__Directions for this task__: Retype the line with "Red lobster illustration" in it, then each line after it to the end of the data, word for word.

=== Section Start ===

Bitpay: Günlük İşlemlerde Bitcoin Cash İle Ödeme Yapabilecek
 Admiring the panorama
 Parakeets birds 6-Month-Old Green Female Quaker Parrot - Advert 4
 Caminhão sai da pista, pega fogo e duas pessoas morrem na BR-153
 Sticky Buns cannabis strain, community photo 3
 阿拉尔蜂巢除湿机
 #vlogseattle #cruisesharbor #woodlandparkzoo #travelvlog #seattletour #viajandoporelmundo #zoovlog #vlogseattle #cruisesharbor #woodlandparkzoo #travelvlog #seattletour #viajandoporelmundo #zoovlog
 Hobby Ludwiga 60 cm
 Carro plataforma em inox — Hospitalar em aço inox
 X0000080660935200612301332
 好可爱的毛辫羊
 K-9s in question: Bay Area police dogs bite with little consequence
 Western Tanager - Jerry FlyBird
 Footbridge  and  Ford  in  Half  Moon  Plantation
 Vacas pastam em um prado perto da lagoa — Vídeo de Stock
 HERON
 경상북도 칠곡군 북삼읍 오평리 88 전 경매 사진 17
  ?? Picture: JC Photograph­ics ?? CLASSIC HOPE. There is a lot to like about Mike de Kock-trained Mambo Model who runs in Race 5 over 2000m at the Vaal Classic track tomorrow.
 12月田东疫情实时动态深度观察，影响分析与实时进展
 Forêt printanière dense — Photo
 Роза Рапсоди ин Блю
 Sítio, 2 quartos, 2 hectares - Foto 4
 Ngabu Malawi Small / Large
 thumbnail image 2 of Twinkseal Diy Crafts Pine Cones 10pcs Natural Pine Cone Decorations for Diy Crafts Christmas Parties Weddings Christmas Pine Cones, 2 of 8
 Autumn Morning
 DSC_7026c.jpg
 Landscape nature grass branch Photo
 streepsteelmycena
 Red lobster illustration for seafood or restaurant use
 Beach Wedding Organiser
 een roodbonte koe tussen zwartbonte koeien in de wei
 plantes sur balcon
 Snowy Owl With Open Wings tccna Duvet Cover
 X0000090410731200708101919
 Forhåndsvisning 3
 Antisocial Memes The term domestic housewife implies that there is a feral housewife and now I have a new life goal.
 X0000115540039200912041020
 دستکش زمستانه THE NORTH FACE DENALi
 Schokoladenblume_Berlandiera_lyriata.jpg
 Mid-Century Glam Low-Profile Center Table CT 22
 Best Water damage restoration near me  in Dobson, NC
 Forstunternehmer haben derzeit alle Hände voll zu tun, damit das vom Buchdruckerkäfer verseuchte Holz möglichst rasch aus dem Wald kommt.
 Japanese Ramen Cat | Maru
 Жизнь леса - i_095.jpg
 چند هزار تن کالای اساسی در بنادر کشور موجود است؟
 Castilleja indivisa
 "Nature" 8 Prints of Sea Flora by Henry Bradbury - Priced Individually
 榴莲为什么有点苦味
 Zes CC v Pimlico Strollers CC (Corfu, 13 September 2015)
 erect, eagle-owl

=== Section End ===

__Response box__:
 Red lobster illustration for seafood or restaurant use
 Beach Wedding Organiser
 een roodbonte koe tussen zwartbonte koeien in de wei
 plantes sur balcon
 Snowy Owl With Open Wings tccna Duvet Cover
 X0000090410731200708101919
 Forhåndsvisning 3
 Antisocial Memes The term domestic housewife implies that there is a feral housewife and now I have a new life goal.
 X0000115540039200912041020
 دستکش زمستانه THE NORTH FACE DENALi
 Schokoladenblume_Berlandiera_lyriata.jpg
 Mid-Century Glam Low-Profile Center Table CT 22
 Best Water damage restoration near me  in Dobson, NC
 Forstunternehmer haben derzeit alle Hände voll zu tun, damit das vom Buchdruckerkäfer verseuchte Holz möglichst rasch aus dem Wald kommt.
 Japanese Ramen Cat | Maru
 Жизнь леса - i_095.jpg
 چند هزار تن کالای اساسی در بنادر کشور موجود است؟
 Castilleja indivisa
 "Nature" 8 Prints of Sea Flora by Henry Bradbury - Priced Individually
 榴莲为什么有点苦味
 Zes CC v Pimlico Strollers CC (Corfu, 13 September 2015)
 erect, eagle-owl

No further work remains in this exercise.